Cornbleth, whose work on maverick teachers attracted national attention and praise, uses the book to express her strong objections to overly standardized and rigid teaching methods that do not take into account the individual needs and backgrounds of students. Instead, the book advocates “grassroots, culturally responsive teaching” as opposed to a “top-down, teach-by-the-numbers approach.”
Culturally responsive teaching, according to Cornbleth, is tailored toward specific students and groups of students to “connect” and “engage” them where they are and then move them toward meaningful academic learning goals.
“Culturally responsive teaching acknowledges and speaks to—rather than ignores or tries to suppress—one or more aspects of students’ culture, such as language, religion, sexual orientation, experience, race or ethnicity, ability and interests,” Cornbleth says. “It meets the students half-way, rather than expecting them to do all the changing.”
By definition, teaching cannot be top-down because whoever is at the top is not in touch with the students being taught, according to Cornbleth.
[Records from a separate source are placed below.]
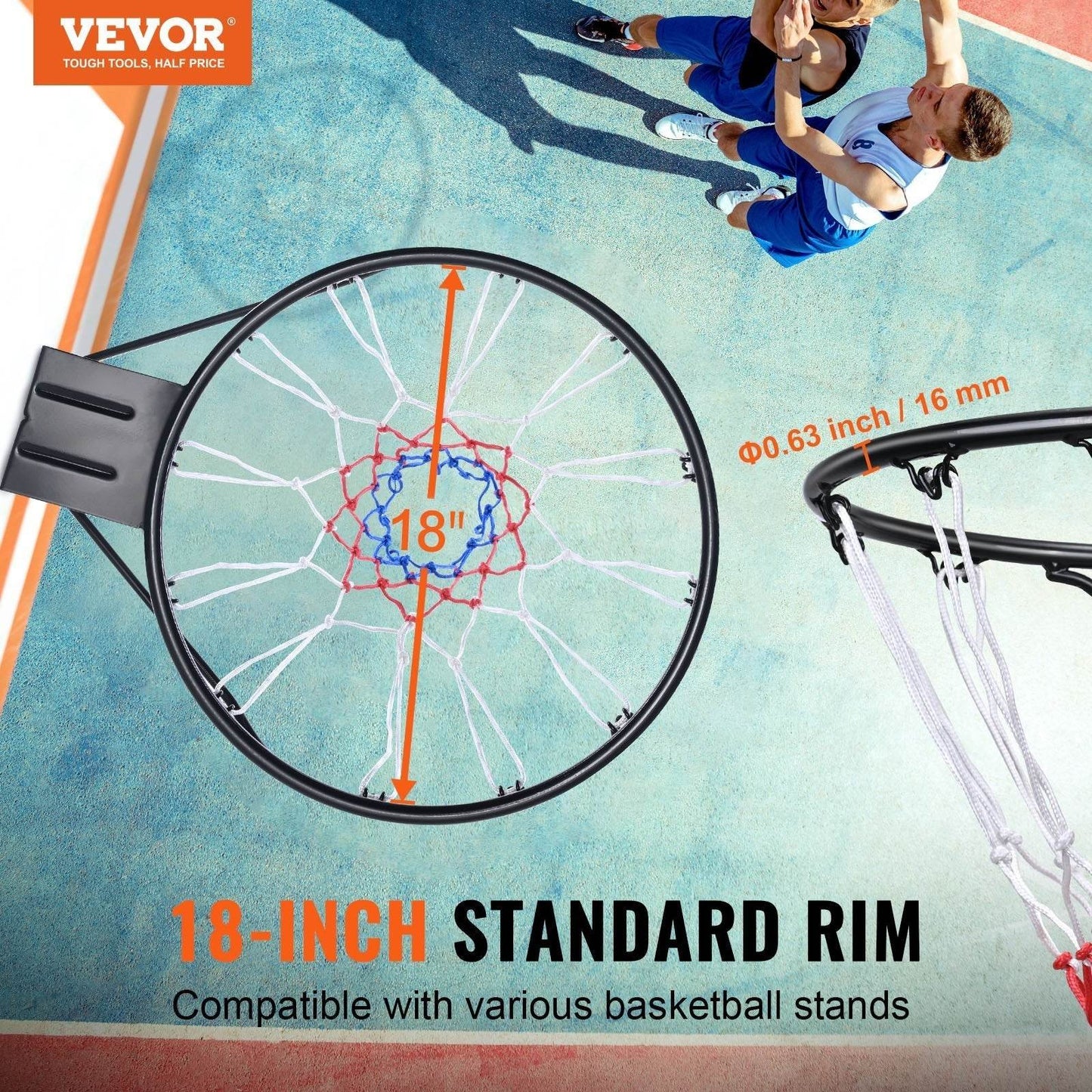 Wall Mounted Basketball Hoop – Heavy Duty Q235 Flex Rim with Net
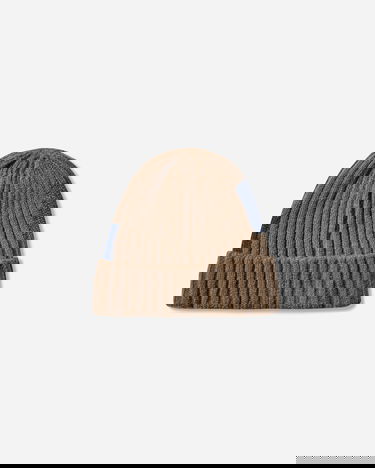 Mössa KAPITAL Wool Patchwork Ribbed Knit Beanie Flerfärgad | EK-1510XH GRAY, 3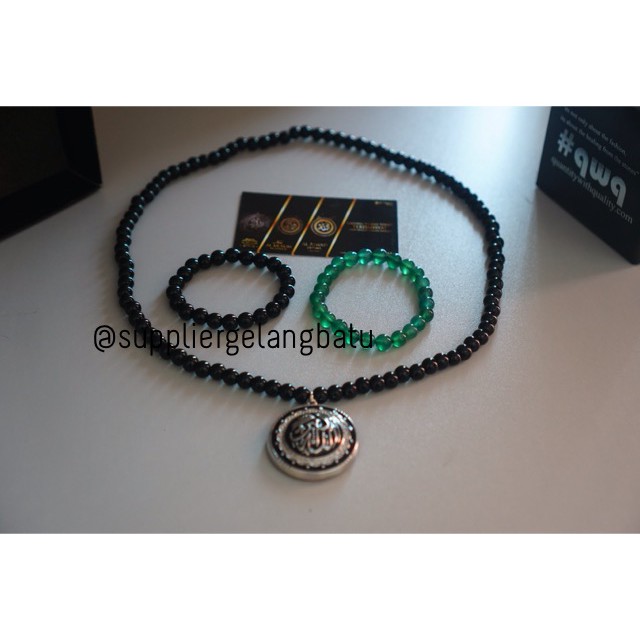 PROMO Kalung batu onyx ALLAHUAKBAR SILVER paket gelang giok muslim aksesoris fashionita pria wanita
Meaningful learning cannot be by-the-numbers or standardized either, she argues, because individual and groups of students differ.
“One of the things I find infuriating,” Cornbleth says, “is that many of the people who favor standardized approaches to teaching and learning—the people who talk about being all on the same page, an expression I detest—are often upper middle-class white people who have experienced culturally relevant teaching themselves and, like a fish in water, don’t recognize it.”
As was the case in Cornbleth’s maverick teacher study, certain patterns of teaching success emerged.
“Across the differences among the teachers we hear from here, the students they teach and the schools and communities in which they teach, there are striking similarities,” says Cornbleth.
Among the common practices displayed by those who have mastered “culturally responsive teaching”:
- Getting to know students individually and as a group, and then connecting academic learning with students’ backgrounds and experiences.
- Reorganizing subject matter in the textbook, syllabus or other guidelines to make it more accessible and meaningful to students.
- Viewing problems or constraints as challenges; being a trouble-shooter.
The five Western New York teachers, all of whom write about their successful teaching, are Stephen Stiller, a teacher, new-teacher mentor, curriculum lead teacher and math department chair at East High School in Buffalo; Eric Mohammed, a social studies teacher and colleague of Stiller’s at East High School; Regina Forni, a retired secondary-school English teacher who taught grades 7-12 in several Buffalo and suburban schools for 31 years; Frank DiLeo, the English department chair at City Honors School who previously taught English at Frank A. Sedita School #38, both in Buffalo; and Joanne Rickard-Weinholtz, the culture teacher at the Tuscarora Indian Elementary School within the territories of the Tuscarora Nation.